U.S. median listing price rose 4.3% to $305,000 in September from the same time last year, according to Realtor.com. Though home prices continued to rise, it was at a slower pace than last year, when median listing price increased 7.3%.
“Consumers are clearly responding to the lower rates, and in fact the only thing that’s not responding is the supply pipeline, which is why we are seeing this tremendous decline in inventory as consumers continue to buy in this latest month,” said George Ratiu, senior economist for Realtor.com.
Homes averaged 65 days on the market in September, a near-record pace, even as fall tends to be a slower season for sales activity. A home spent one more day on the market compared to last year and two more days from August.
Meanwhile, mortgage and refinance applications are up more than 50% from last year, according to a recent Freddie Mac analysis.
Competition speeds up
Fannie Mae previously predicted that inventory would see a modest rise in 2019, but the low-inventory trend could be accelerating, at least according to Realtor.com, September’s 2.5% decline in inventory comes after a 1.8% dip in August.
Inventory of homes under $200,000 declined 9.8% per year since May 2014, according to the report.

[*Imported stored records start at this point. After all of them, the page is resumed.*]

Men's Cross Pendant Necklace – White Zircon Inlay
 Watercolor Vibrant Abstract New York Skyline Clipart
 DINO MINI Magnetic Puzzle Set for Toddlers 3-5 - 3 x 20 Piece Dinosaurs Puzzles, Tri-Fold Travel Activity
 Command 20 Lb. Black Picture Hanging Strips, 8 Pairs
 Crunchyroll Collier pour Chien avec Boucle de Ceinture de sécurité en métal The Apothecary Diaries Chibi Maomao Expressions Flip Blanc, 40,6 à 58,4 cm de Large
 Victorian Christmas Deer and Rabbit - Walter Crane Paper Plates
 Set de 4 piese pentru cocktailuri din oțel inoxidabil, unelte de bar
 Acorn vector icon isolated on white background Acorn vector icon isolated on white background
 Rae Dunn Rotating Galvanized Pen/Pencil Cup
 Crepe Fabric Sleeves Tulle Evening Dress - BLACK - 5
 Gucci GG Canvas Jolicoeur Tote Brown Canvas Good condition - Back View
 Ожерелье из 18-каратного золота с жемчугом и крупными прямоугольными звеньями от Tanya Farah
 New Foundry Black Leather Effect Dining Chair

But for the first time in 18 months, the number of mid-priced homes, priced $200,000 to $750,000, saw 0% growth. Analysts predict that mid-market home availability will start to decline next month.
“When you look historically, new homes in the affordable range have never been a problem until this cycle. Most new product coming on the market is at the high end, and we don’t really have a lot of new product in the affordable range where a lot of today’s young buyers, particularly in the millennial range, are looking to buy,” said Ratiu. “We’re seeing a flatlining in inventory after several months of growth, which at this rate, is likely to indicate inventory in that range is likely to shrink.”
Inventory of homes over $750,000 continued to see 4.7% inventory growth, but analysts predict declines in the number of high-cost homes for sale by February 2020.